Di bawah Erdoğan, Turki memang tampil lebih vokal dalam membela Palestina dan lebih mandiri dalam kebijakan luar negeri. Namun menyamakan Turki dengan Iran adalah simplifikasi berlebihan. Turki merupakan anggota NATO, memiliki hubungan ekonomi dengan Israel, dan tidak membangun jaringan milisi proksi seperti model Iran.
Peran Ankara lebih bersifat diplomatik dan simbolik di dunia Sunni. Jika Turki berhasil membangun rekonsiliasi strategis dengan negara-negara seperti Arab Saudi dan Mesir, yang terbentuk kemungkinan adalah konfigurasi multipolar—bukan blok militer konfrontatif.
Konfigurasi ini bisa menjadi penyeimbang dominasi tunggal di kawasan, tetapi belum tentu secara langsung mempercepat penyelesaian isu Palestina.
Palestina dan Moralitas yang Terpinggirkan
Masalah mendasar dalam dinamika geopolitik ini adalah reduksi isu Palestina menjadi alat tawar. Ketika Palestina dijadikan simbol untuk memperkuat posisi regional suatu negara, perjuangan itu berisiko kehilangan independensi moralnya.
Secara etis, perjuangan Palestina berdiri di atas prinsip keadilan universal. Ia tidak boleh menjadi turunan dari rivalitas Iran–Israel, Turki–Barat, atau persaingan blok mana pun.
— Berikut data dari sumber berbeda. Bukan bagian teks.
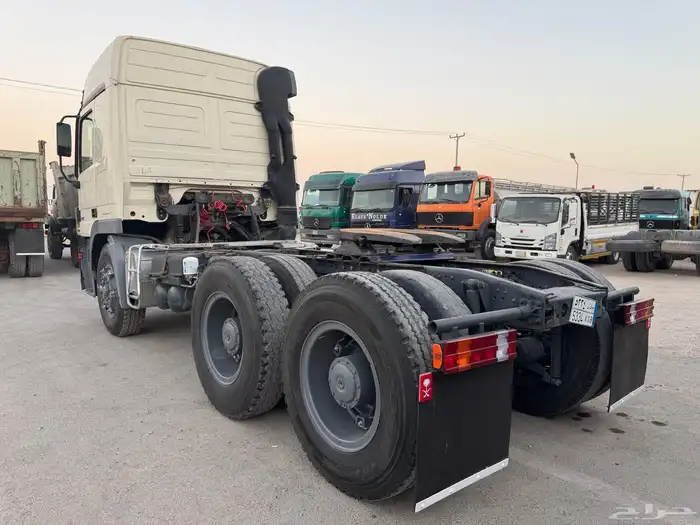 راس سكس اكتروس جفالي 2005 3340 نقل خاص 2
Selama rakyat Palestina masih hidup dalam realitas pendudukan dan blokade, perubahan peta kekuatan regional hanya akan bermakna jika mampu menghadirkan perlindungan hak, keamanan sipil, dan ruang politik yang adil.
Keadilan tidak boleh menjadi efek samping dari perebutan hegemoni. Ia harus menjadi fondasi utama. Tanpa itu, setiap perubahan geopolitik hanya akan menjadi babak baru dalam siklus lama—di mana kepentingan negara lebih dominan daripada martabat manusia.